Financial terms of the diagnostic agreement have not been disclosed. Earlier, on April 16, 2008, Pfizer and Celldex Therapeutics (Celldex) have entered into an agreement to grant Pfizer an exclusive worldwide license to PF-04948568 (CDX-110) which is currently in Phase 2 clinical development for the treatment of newly diagnosed GBM.
Pfizer's investigational drug PF-04948568 (CDX-110) is a peptide vaccine which targets the tumor-specific Epidermal Growth Factor Receptor variant III (EGFRvIII). The Qiagen assay is designed to identify those patients whose tumors express the EGFRvIII mutation, allowing for the possibility of more targeted and personalised treatment.
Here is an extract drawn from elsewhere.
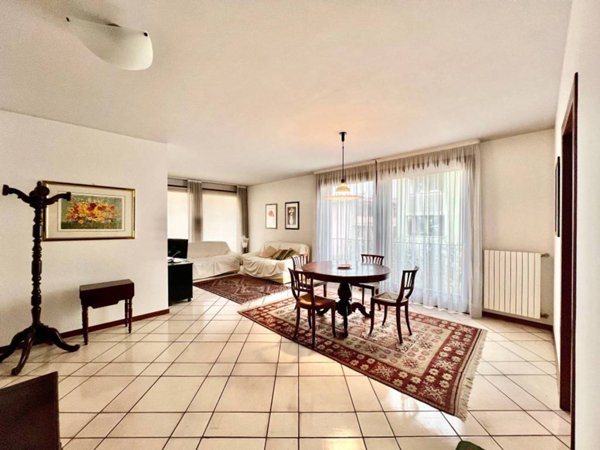 appartamento in vendita a Desenzano del Garda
Reportedly, the EGFRvIII companion diagnostic will be developed and manufactured at Qiagen's Center of Excellence for Companion Diagnostics in Manchester. The diagnostic will be a real-time PCR assay used to detect EGFRvIII RNA in tumor tissue. The assay is designed to offer a simple workflow, which supports its clinical utility in routine mutation testing.
Stephen Little, vice president of personalized healthcare at Qiagen, said: "We are very pleased to have signed this agreement with Pfizer, as it is another important step toward the realisation of personalised medicine. Qiagen is aligned to deliver companion diagnostics to our pharmaceutical partners and this deal is further evidence of our commitment to develop our scientific and operational capabilities to help select the right patient for the right medicine."
Garry Nicholson, president and general manager of the Oncology Business Unit at Pfizer, said: "We look forward to collaborating with Qiagen's DxS unit in the development of this important diagnostic tool that could potentially help physicians better define the most appropriate treatment for patients who suffer from glioblastoma multiforme."